Since cases have skyrocketed here, and there seems to be no stopping it, other than taking the usual precautions and staying in, I’ve armed myself with books, (see next weeks Winter Literary Review), jigsaw puzzles, DVD’s, and even signed up for Netflix – although I’m not that impressed with what’s on – most of the movies they suggest based on My List, I’ve already seen.  If anyone has any recommendations please leave a comment.   

(Snowmen – real and otherwise)

The only good thing about the winter so far is that the weather has been fairly decent, unlike other parts of the country which have been deluged with snow and cold.  We’ve had a few inches now and then, barely enough to make a snowman, which melted quickly as many days the temps were in the 30-40’s. A mild December is always a bonus as it shortens up the winter.  Now, in the depths of January, it’s been colder but we’ve hardly had any snow, certainly nothing worth shoveling. I like it when it’s not too blizzardy out, as I tend to feel claustrophobic in snow storms.  I don’t want to go anywhere, but I like to know I could if I needed to.

(Just the right amount of white stuff)

They had been predicting such a bad winter that I decided to get new tires for my old Honda – way overdue but the mechanic kept saying they were okay as long as I did do any long-distance driving??? (really – like where?)  So my big expedition for the month was hanging out in the relatively deserted waiting room of Canadian Tire (a gigantic hardware store with an automotive division), where I felt reasonably safe, but not brave enough to visit the adjacent mall.  

(My big outing for the month, other than the ER dept.)

Of course I had to wait for the tires to come in (supply issue – what else is new), and then had them put on the week before Christmas (the mall was a zoo), and then had to go back for the alignment as they were too busy to do it that day, which was a blessing in a way, as I found a car part in the driveway, (never a good sign), which turned out to be a wheel weight, requiring a wheel re-balance. If the snow hadn’t melted I wouldn’t have noticed it.  I also had them check the battery.   So now I feel safe with my new old car – if only there was someplace to go…

(Even the birds are staying in, except for the partridge in the pear tree)

I haven’t set any new goals or bucket list for this year, as I have in the past, as what would be the point, we have so little control over the circumstances.
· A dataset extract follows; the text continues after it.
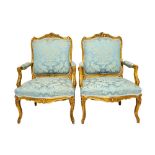 A pair of gilt framed open arm fauteils of Louis XV style with serpentine seat,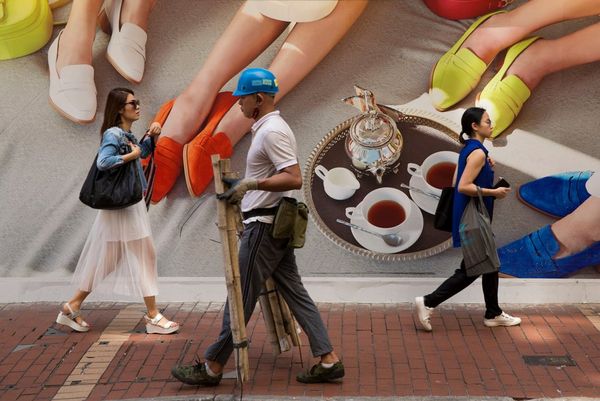 Three pedestrians walking along a Hong Kong street past a brightly coloured poster.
Masks have been mandatory here for two years, and some degree of lock-down depending on the stats, but there’s little to do even when restrictions are lifted.

(Many people have left their decorations up to shine a little light)

I’m still walking every day, except for a few slippery days, for the fresh air and exercise but mostly for the immune boost – admiring the decorations and lights, and listening to my daily dose of music.  

This catchy tune was on a Lincoln car TV commercial recently. It really has been a most unusual year…..but I have hope for the future.

PS. How are things in your neck of the woods? Do you know anyone who has had COVID? I’m starting to know of a few people who have had it, more friends of friends than people I know specifically.

Wintering

If wintering is a verb then we all need to learn to winter – to rest and recharge, especially in difficult times.  Wintering can be a season to survive, a respite from the busyness of the rest of the year, or a state of mind such as a feeling sad or depressed. 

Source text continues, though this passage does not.